══ Source material
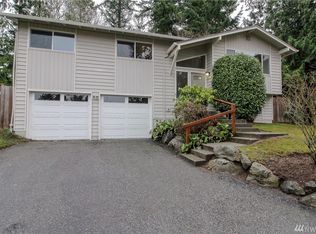 715 212th Pl SW, Lynnwood, WA 98036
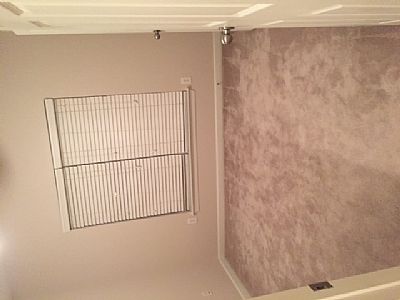 milafergs profile photo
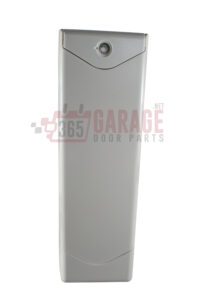 Linear MDTK MegaCode Keypad Transmitter - Image 3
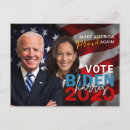 Recherche de collectibles posters Kamala harris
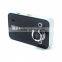 Vehicle Blackbox car recorder car rear camera A 1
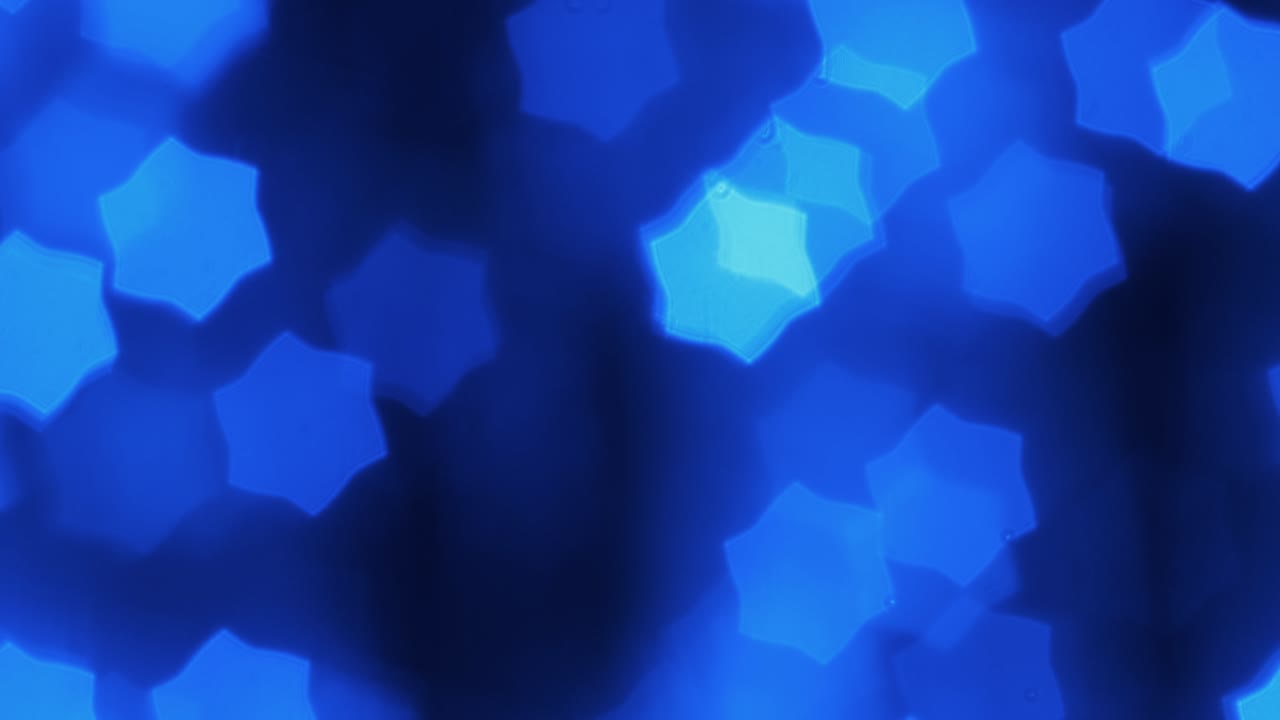 보케 렌즈: 별 모양의 렌즈, 스타 보케, 오래된 수동 렌즈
════
What the exercise asks :: Repeat every line above exactly, but omit all images.

Output below ::
 715 212th Pl SW, Lynnwood, WA 98036
 milafergs profile photo
 Linear MDTK MegaCode Keypad Transmitter - Image 3
 Recherche de collectibles posters Kamala harris
 Vehicle Blackbox car recorder car rear camera A 1
 보케 렌즈: 별 모양의 렌즈, 스타 보케, 오래된 수동 렌즈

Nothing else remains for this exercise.